Student free speech cases like “Bong Hits 4 Jesus” strike me as rather silly. Schools always try to bring students to think and act in some ways rather than others. That’s why they exist. To do so they maintain controlled environments and clear hierarchies of authority. In particular, they prescribe the topics of discussion and what’s said about them. That, for example, is the point of recent litigation over mentioning Intelligent Design in schools. In such a setting, what’s the relevance of free speech rights of a kind appropriate to a town meeting? Even if such rights make sense in some academic settings, how can they be defined crudely and categorically enough to be enforceable by a panel of judges thousands of miles away?

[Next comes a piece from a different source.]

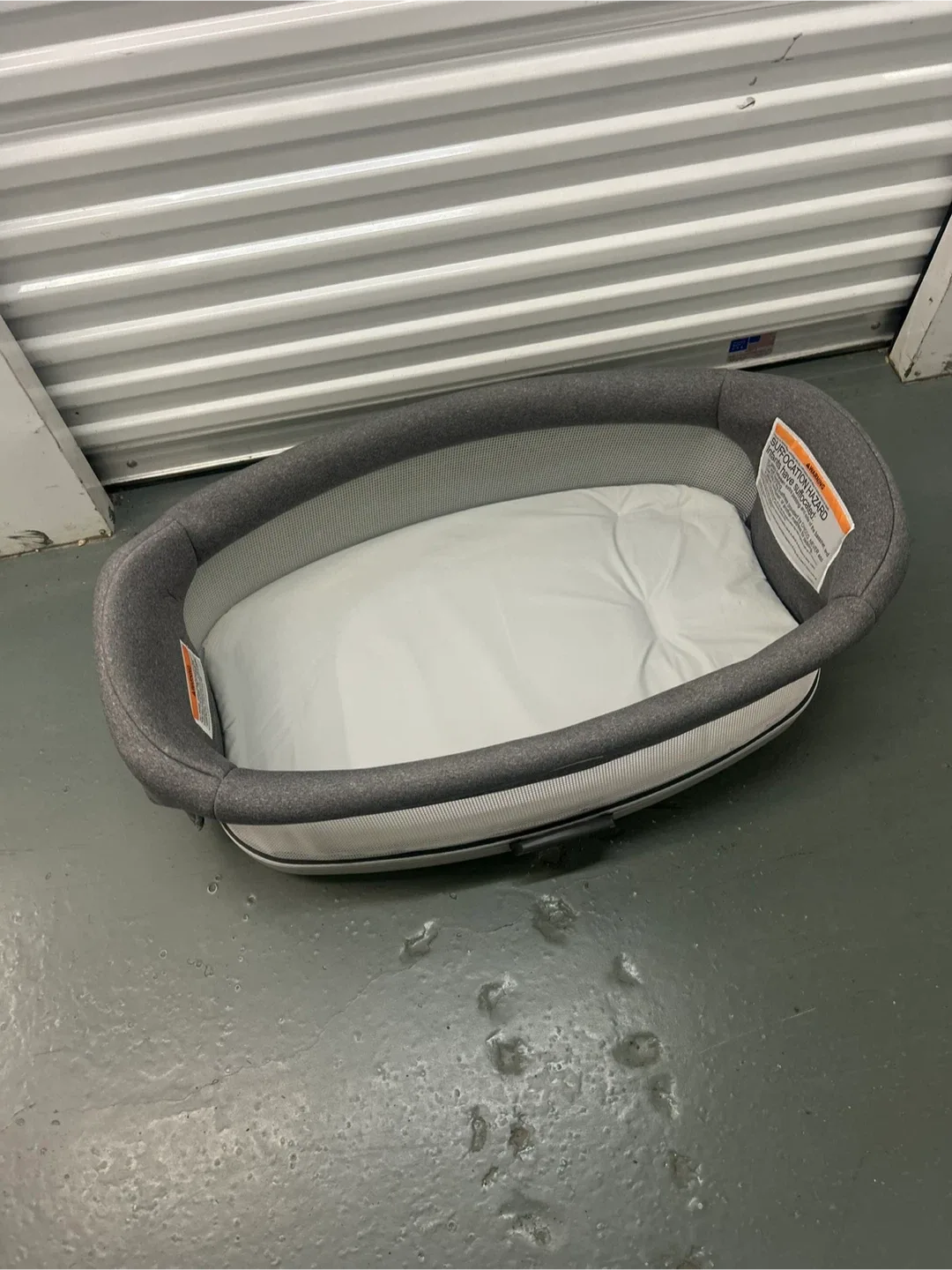 Chicco Bassinet - Adjustable Height image indicator(2)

The reason this kind of issue gets taken seriously, I think, is that people like to pretend that social life and thus schools can be based quite directly from top to bottom on equal freedom and the sort of clear rational truth modern natural science is supposed to give us. That’s not so, and the belief it’s so degrades institutions. By making ordered life in accordance with natural human tendencies impossible such an outlook ends by destroying actual freedom and rationality. I would have thought that academic freedom includes the right of schools to run their own affairs, for example. That freedom would include defining what counts as disruptive but today, it seems, doing so involves going to the Supreme Court, making weird arguments, and quite possibly losing.

1 thought on “The majesty of the law”

  1. The law
    Similarly, people like to think that political life can be based on clear rational truth and a sort of moral neutrality. See John Kerry’s “you can’t legislate an article of faith” remark in the debates.

    In reality, of course, all laws are a matter of “legislating an article of faith.” It’s simply a matter of whose gets legislated. As you’ve indicated before, nihilism isn’t really a possible worldview.